Моё красноречие произвело на него впечатление. Впрочем, иначе и быть не могло. Он перестал сверкать на меня своими очками в роговой оправе, и взгляд его снова стал рыбьим.
— Гм-мм, — задумчиво протянул он. — А ты когда нибудь произносил речи, Берти?
— Тыщу раз. Мне это — раз плюнуть. Что говорить, совсем недавно я выступал в школе перед девочками.
— И ты не волновался?
— Ни капельки.
— Ну, и как они?
— Слушали с открытыми ртами. Я вертел ими, как хотел.
— Тебя не закидали тухлыми яйцами?
— С ума сошёл.
Он глубоко вздохнул и уставился на ползущего по листу слизня.
— Может, всё закончится благополучно, — нерешительно пробормотал он. Должно быть, нельзя так много об этом думать. Я только сам себя накручиваю. Скажу одно, Берти: мысль о том, что тридцать первого числа мне придётся произнести речь, превратила мою жизнь в сплошной кошмар. Я не могу ни спать, ни думать, ни есть: Кстати, ты так и не объяснил, что означала твоя шифрованная телеграмма насчёт сосисок и ветчины.
— Она не была шифрованной. Согласно моему плану, тебе следовало почаще отказываться от пищи, чтобы Медлин увидела, как ты в неё влюблён.
Он рассмеялся каким-то потусторонним смехом.
— Понятно. Не беспокойся, мне было не до еды.
— Да, я заметил, за обедом ты ни к чему не притронулся. Замечательно. Так держать.
— Что тут замечательного? Всё это впустую, Берти. У меня никогда не хватит духу сделать ей предложение. Даже если на всю оставшуюся жизнь я сяду на хлеб и воду, у меня язык не повернётся объясниться ей в любви.
— Но, прах побери, Гусик, посмотри вокруг! Сплошная романтика. Мне кажется, дуновение ветерка, шорох листвы подскажут:
— Мне всё равно, что тебе кажется. Я не могу.
— Да ну, брось!
— Не могу. Она такая неприступная, такая далёкая.
— Глупости.
— Нет, не глупости. В особенности, если посмотреть на неё сбоку. Ты когда-нибудь смотрел на неё сбоку, Берти? На её благородный, строгий профиль? Сердце замирает.
— Ничего подобного.
— Нет, замирает. Я смотрю и не могу вымолвить ни слова.

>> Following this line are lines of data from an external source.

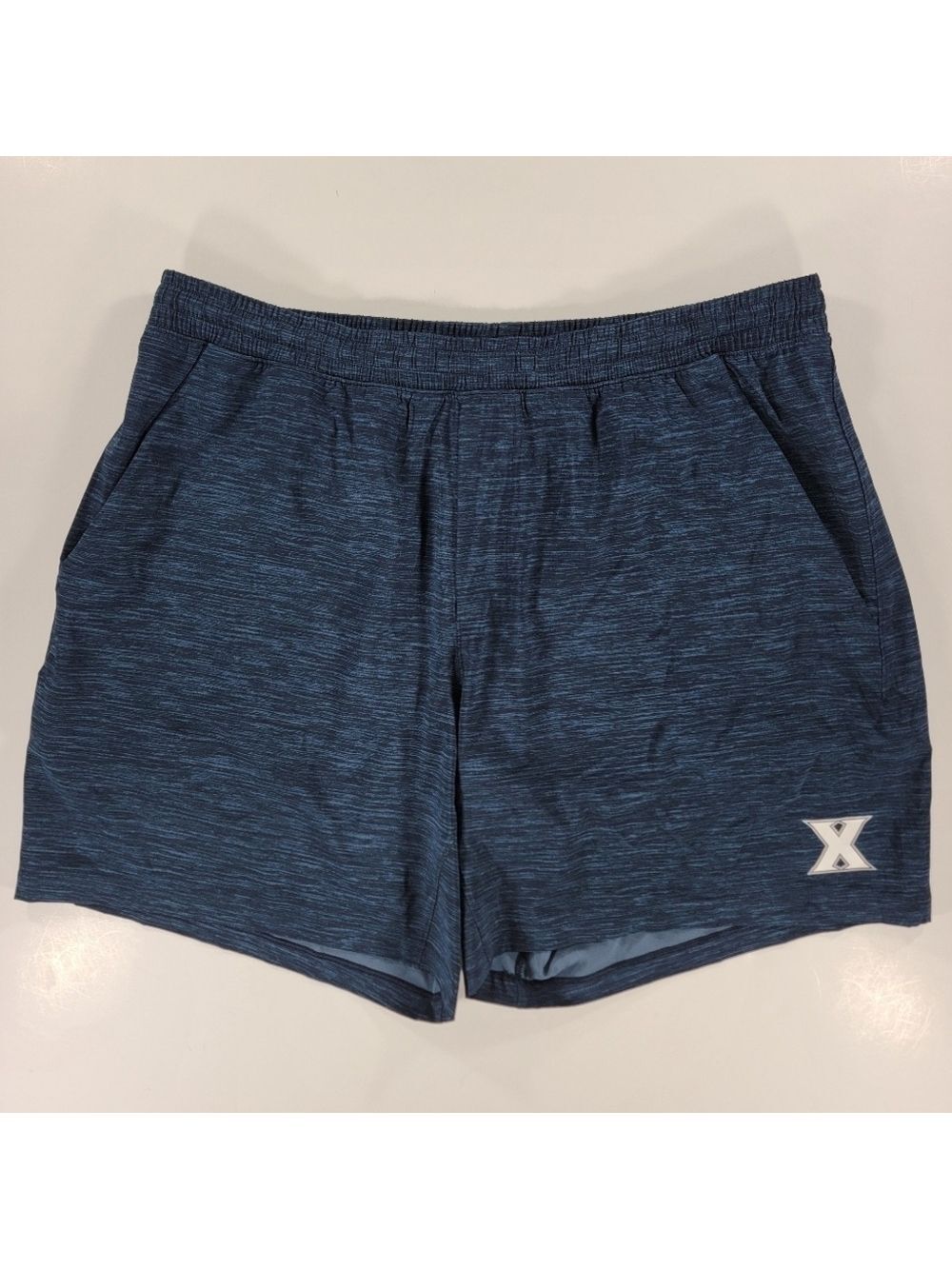 Lululemon Pace Breaker Shorts 7" Blue XXL 2XL ST. X Xavier University Logo Exc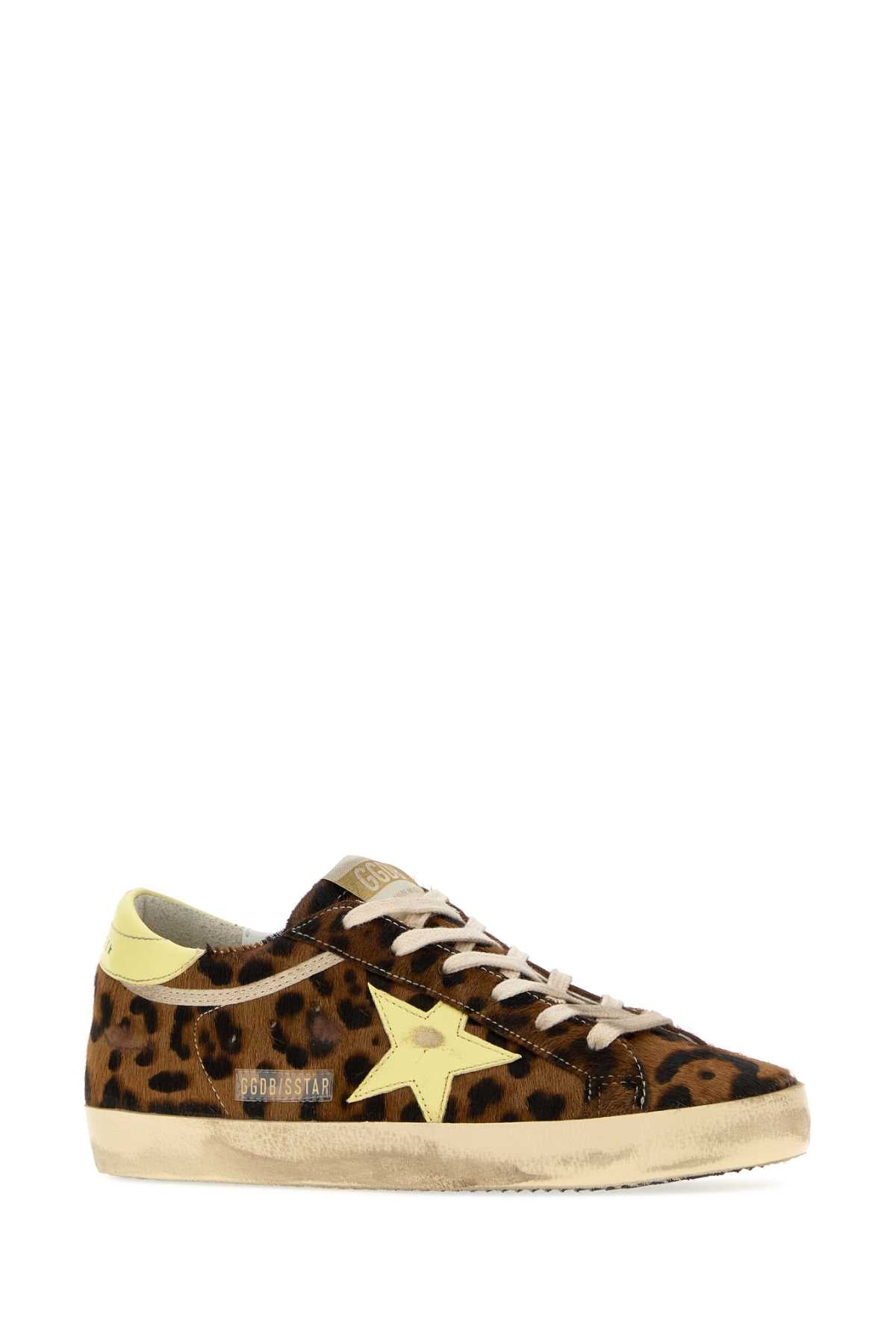 Golden Goose Deluxe Brand Women Printed Calf Hair Super-Star Sneakers GOLDEN GOOSE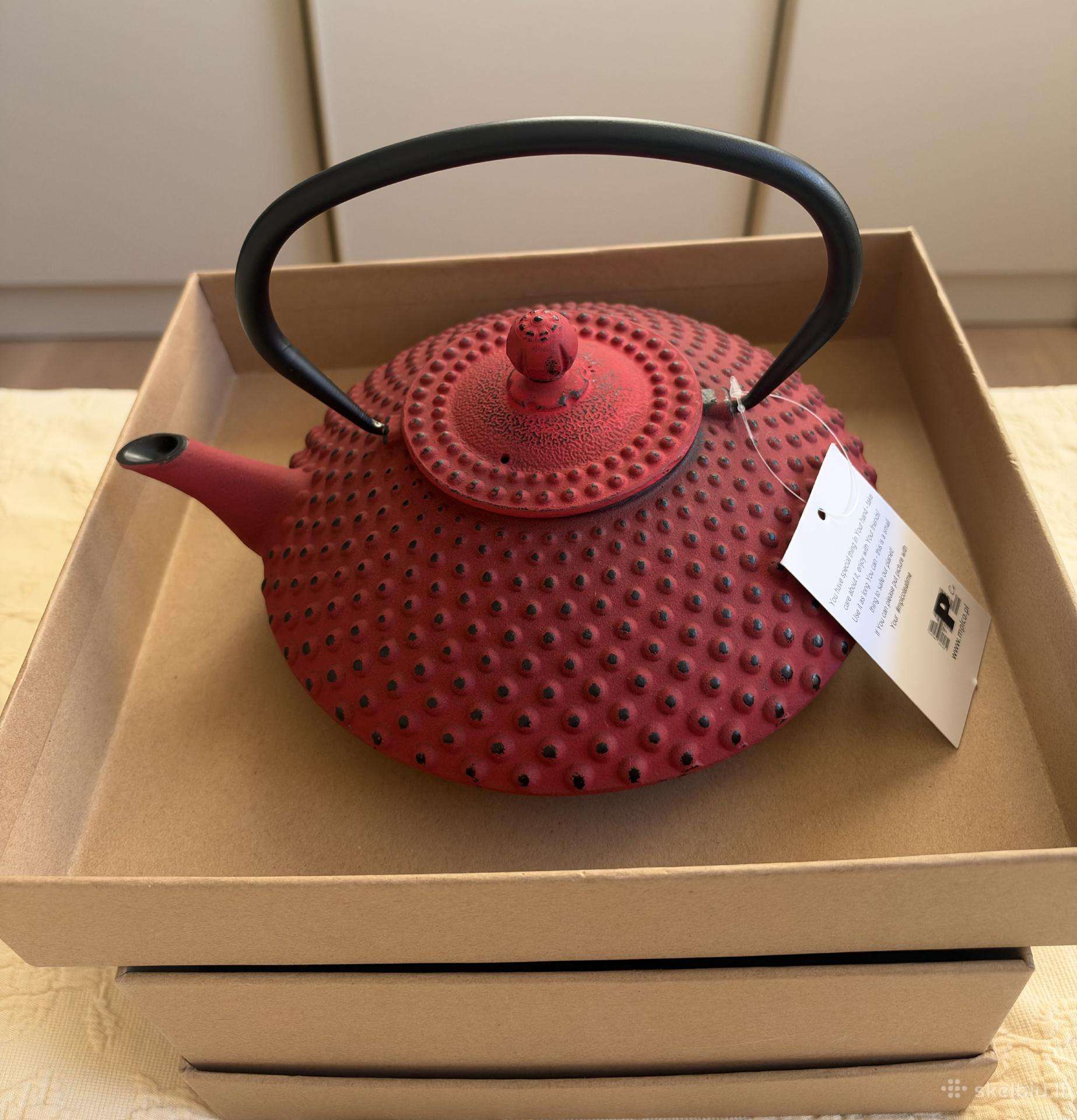 Japoniško stiliaus ketaus arbatinukas, 1,25 l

Он говорил с глухим отчаянием в голосе, а его упадническое настроение и нежелание взять себя в руки и показать, на что он способен, произвели на меня такое впечатление, что, честно признаться, я растерялся. У меня даже мелькнула мысль, что эту рыбину в человеческом облике только акула исправит. Затем меня в очередной раз осенило. С присущей мне находчивостью я в мгновение ока сообразил, как нужно поступить, чтобы этот Финк-Ноттль прекратил валять дурака и, засучив рукава, взялся за дело.